Variable fft above is the DFT/FFT array data points. Since I have 150 samples. fft.length should equate to 300. I am then checking the frequency of the bin, and if it is less than 0.33333334 I am using it, otherwise, it is getting zeroed out.

When I plot my graph, the odd part is that I get two waves:

If I zoom in on the top one, here is what I see:

I also notice that the numbers on the x axis are increments of 2. For example, the wave where the amplitude is around 400K on the Y axis starts at 1, and has points at 3,5,7,9, etc. The lower one starts at 0, and has points 2,4,6,8,etc.

Question:

Should I be seeing two waves? If yes, how do I combine it into one? If no, what step might have I destroyed?

From my cloudy knowledge, the only thing I can think of that can explain this is the notion of imaginary and real numbers. But, I do not see why they should be shown in a time domain, after an iFFT occurs.

Answer 1

FloatFFT has a funny array layout. Real and Imaginary components of each datapoint/bin have to be interleaved in the data array you provide. The FFT plot you show it is not a common FFT plot: is the real and imaginary part of the FFT interleaved: $[ Re\{X[0]\}, Im\{X[0]\}, Re\{X[1]\}, Im\{X[1]\}, ... ]$.
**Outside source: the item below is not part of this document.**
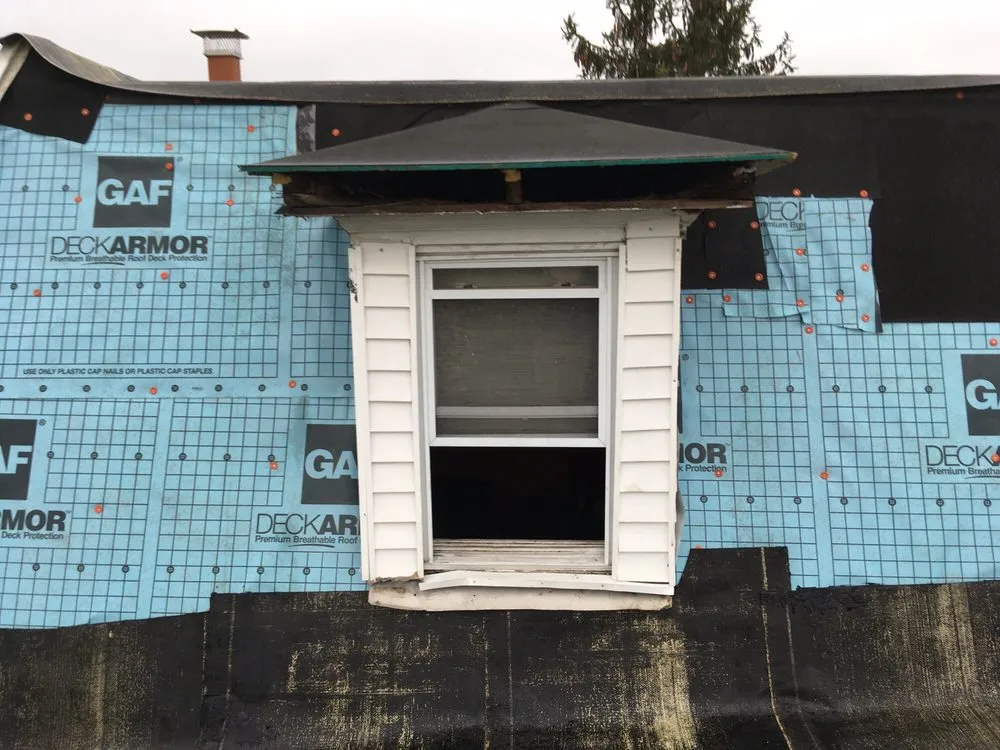 Slide of DeMarco Family Roofing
Handle two consecutive points everywhere accordingly. For example: $bin[0] = abs( sqrt( a[0]*a[0] + a[1]*a[1] )$ and so on... Also, follow that layout when you perform the inverse.

Documentation is not the best and you will have to read it carefully.
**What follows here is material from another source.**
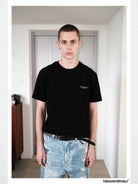 UNKNOWNWORLD Small Logo Cotton T Shirt in Black - On Male Model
Bonus: the reason you have to provide a $2 \cdot n$ array to some functions is not that the FFT has to double the data set length, it is because each bin is stored in two consecutive array positions.

Answer 2

The first problem might be that you need to sample more than twice the rate of the highest frequency in your signal. Otherwise your samples will be contaminated by aliasing.

The second problem in plotting your spectrum is that the lowest bins of an FFT or DFT of strictly real data can be mixed (contaminated) by the nearby complex conjugate negative frequency image. This can be solved by sampling longer (more samples covering more time), which will move the spectrum of interest to higher numbered FFT result bins.

Third, attempting to filter a signal by zeroing FFT bins does not work well. See this answer for details: Why is it a bad idea to filter by zeroing out FFT bins?